Aspiring actresses know they are a dime a dozen. How else do they establish an advantage over their competitors? There is nothing “fair” about any of this, and they all know it. It is not “fair” that some are beautiful and some are not. So the players just take it to its logical extreme.
That is a very perceptive question. My guess is the latter.
He is probably one of the best judges of talent and of what he could get away with that the world has ever known. If an actress could help guarantee the success of a film but wouldn’t sleep with him. He didn’t press himself on her. If an actress was great and was also willing to bend to his will, he moved in.
Paying for sex doesn’t concern me too much but it bothers me that he never made the quality of his films his number one priority.
I wonder. Harvey thought Julia Ormond would be great, and promoted her accordingly. She did not make it. Was Harvey wrong, or was his judgment clouded?
This is the basic problem with all corruption. Kickbacks distort the decision-making process.

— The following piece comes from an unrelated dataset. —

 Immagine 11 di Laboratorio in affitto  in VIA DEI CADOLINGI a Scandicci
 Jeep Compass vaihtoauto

I don’t really care if rich dudes get their freak on. I can easily imagine worse jobs than having sex for money. I agree with iWe’s first point absolutely.

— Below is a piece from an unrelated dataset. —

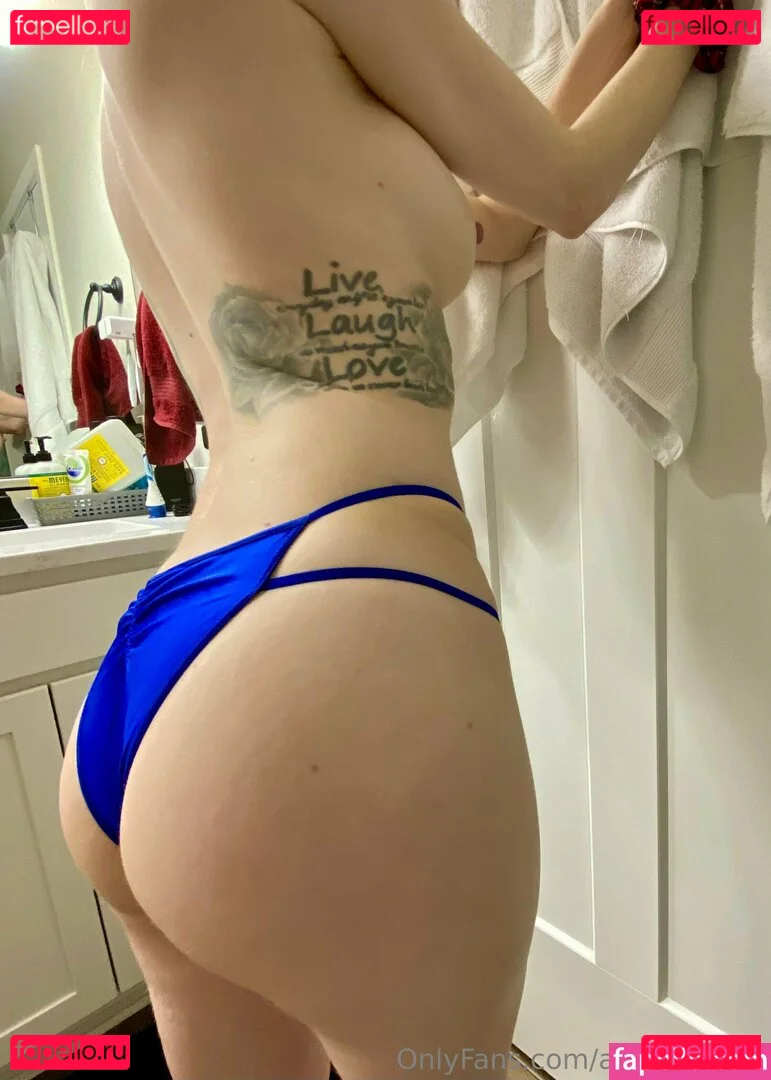 avalynnrose Onlyfans Photo Gallery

I think it entirely possible that Harvey Weinstein raped some ladies though. That bugs me.
That was all patriarchal hooey anyway. Don’t you know, it’s different now and men and women should be allowed to have sex behind dumpsters if they want to.
Harvey was known for making money off movies with limited budgets — big-budget films weren’t his forte, so the Miramax movies in a way were more like the political activist stars’ ‘vanity projects’ of the 1990s and 2000s. They would make their big budget movies without overt political messages that made $$$ for the studios and for themselves, and then did their small budget ‘message’ movies. Those might lose money, but they didn’t cost much, so the loss was based into the equation as the cost of doing business.

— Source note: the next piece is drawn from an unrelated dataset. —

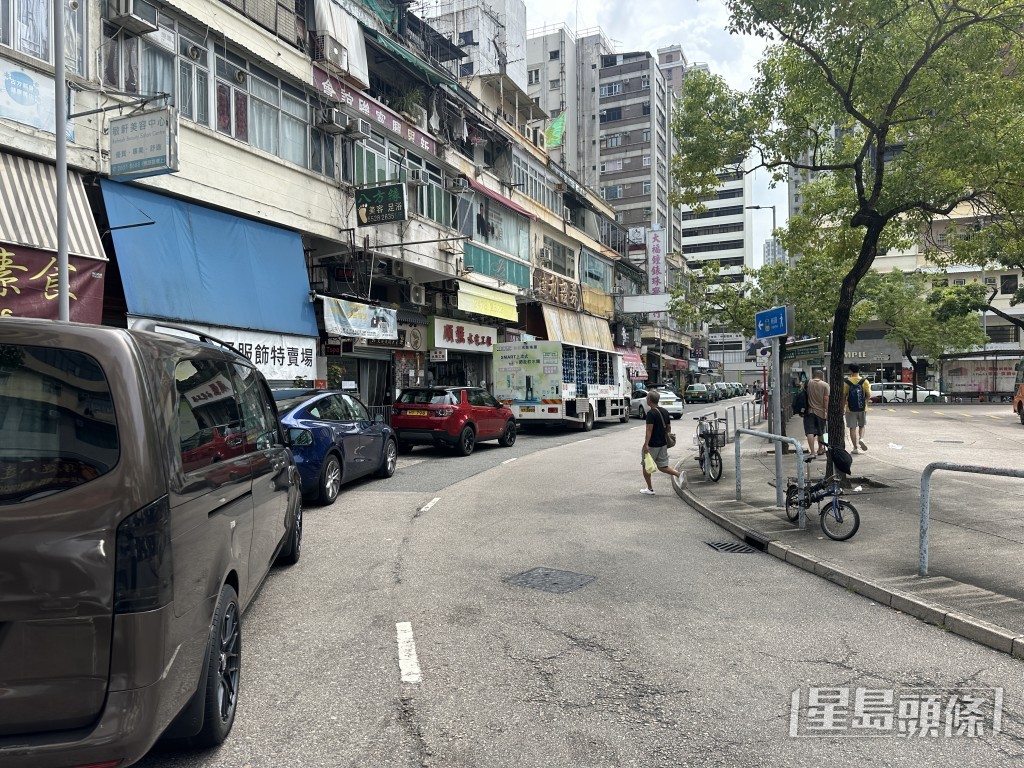 23歲女事主在元朗福康街遭挾上車帶走。梁國峰攝 23歲女事主在元朗福康街遭挾上車帶走。梁國峰攝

With Weinstein, I suppose he could take a flier on an actress he might have the hots for even if she didn’t project well once on screen, as long as her money-losing movie was offset by other lower budget films that did make money and garner awards (and one of the things people did note at the time #metoo hit was that while Harvey was working some TV deals with NBC, his recent track record on theatrical releases was not good, and failure in Hollywood makes up vulnerable to your past transgressions. If you’re not making money for others, you’re not going to be deemed worthy of protection unless you have the goods on other people in the industry).
And, based upon @CJ’s analysis above, who would be a better candidate to use as an example for punishment; the Brad Pitts would/do skate.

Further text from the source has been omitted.